Description

Using three source files from Twitter, blogs, and news articles, build a text predictor that takes a phrase and returns a prediction for the next word.

Here is a link to the final app…
https://zburch.shinyapps.io/FinalProject

Here is a link to the server/ui code…
https://github.com/zburch/NLPFinalProject

Getting the data

Download files

#Main file for text mining
download.file("https://d396qusza40orc.cloudfront.net/dsscapstone/dataset/Coursera-SwiftKey.zip","corpus.zip")
zipPath <- paste(getwd(),"corpus.zip",sep="/")
unzip(zipPath)

#List of profane words
download.file("https://www.frontgatemedia.com/new/wp-content/uploads/2014/03/Terms-to-Block.csv","profanity.csv")

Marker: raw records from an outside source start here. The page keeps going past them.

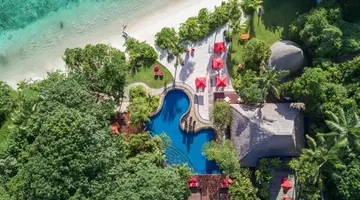 Anantara Maia Seychelles Vilas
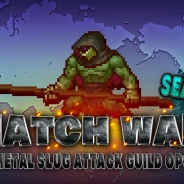 SNK、『METAL SLUG ATTACK』で期間限定イベント「SNATCH WARS SEASON 10」を開催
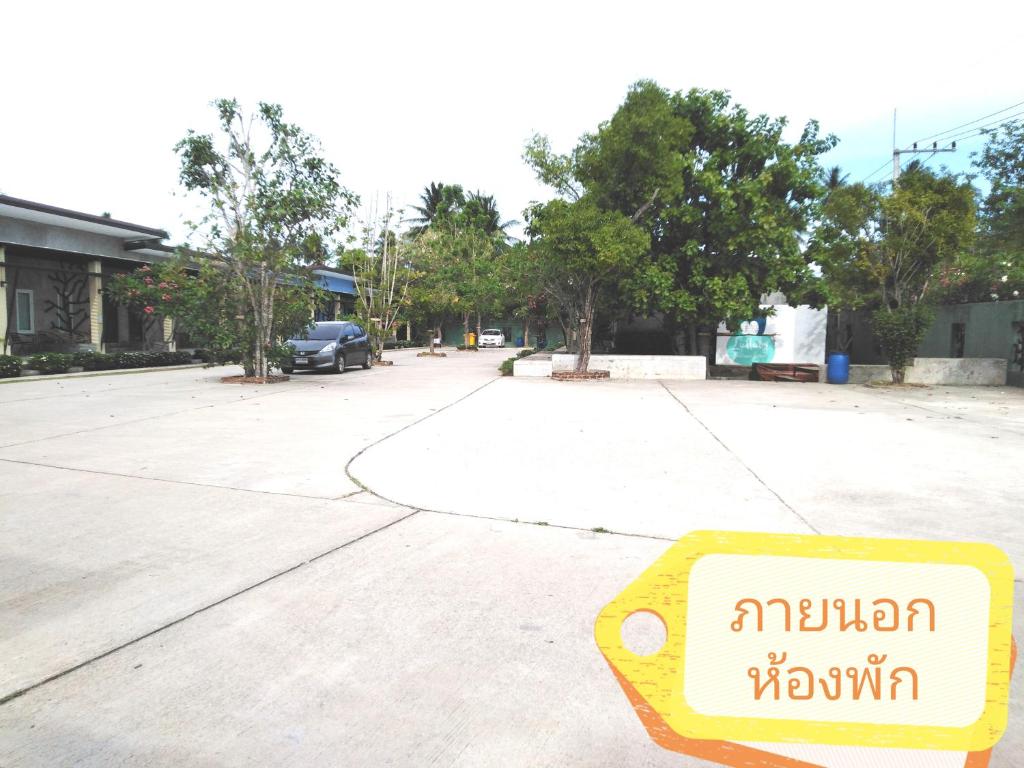 Lullaby Boutique Resort photo 1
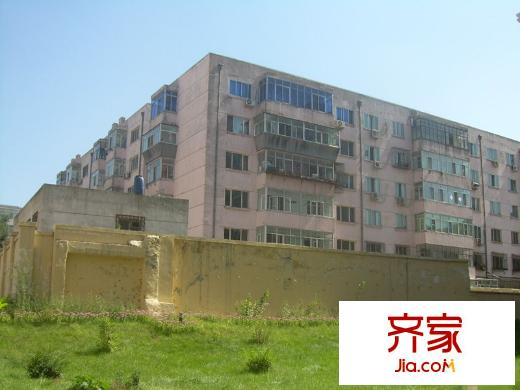 馬端小區(qū)外景圖4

Read in portion of data, save to file

fileList <- c("en_us/en_US.twitter.txt",
              "en_us/en_US.blogs.txt",
              "en_us/en_US.news.txt")

df <- NULL
set.seed(123)
for (i in 1:length(fileList)){
  con <- file(paste("final",fileList[i],sep="/"), "r")
  text <- NULL
  while(TRUE){
    #Bring in approx. 15% of the data
    if(rbinom(1,1,prob=.15)){
      #Grab 5 lines at a time
      newSet <- readLines(con,5)
      if(length(newSet)==0){
        break
      }
      text <- c(text,newSet)
    } else {
      #Skip 5 lines
      readLines(con,5)
    }
  }
  close(con)
  #Add filenames to the list
  fileName <- rep(strsplit(fileList[i],
                           split=".",
                           fixed=TRUE)[[1]][2],
                  length(text))
  newDF <- data.frame(fileName,text)
  df <- rbind(df,newDF)
}
df$fileName <- as.factor(df$fileName)
write.csv(df,"subset.csv")

Cleaning Data

Perform basic global cleaning

df <- read.csv("subset.csv",row.names=NULL)
df <- df[,2:3]
rownames(df) <- c()

#Lowercase
df$text <- tolower(df$text)
#Strip extra whitespace
df$text <- gsub("\\s+"," ",df$text)
#Trim whitespace
df$text <- trimws(df$text)
df$text <- gsub("@","at",df$text,fixed=TRUE)
df$text <- gsub("&","and",df$text,fixed=TRUE)
#remove punctuation
df$text <- gsub("[^a-z0-9# ]","",df$text)

#split training/test sets
split <- rep(0,length(df$text))
split[1:2000] <- 1
split <- sample(split)
training <- df[!split>0,]
test <- df[split>0,]
write.csv(test,"testing.csv",row.names=FALSE)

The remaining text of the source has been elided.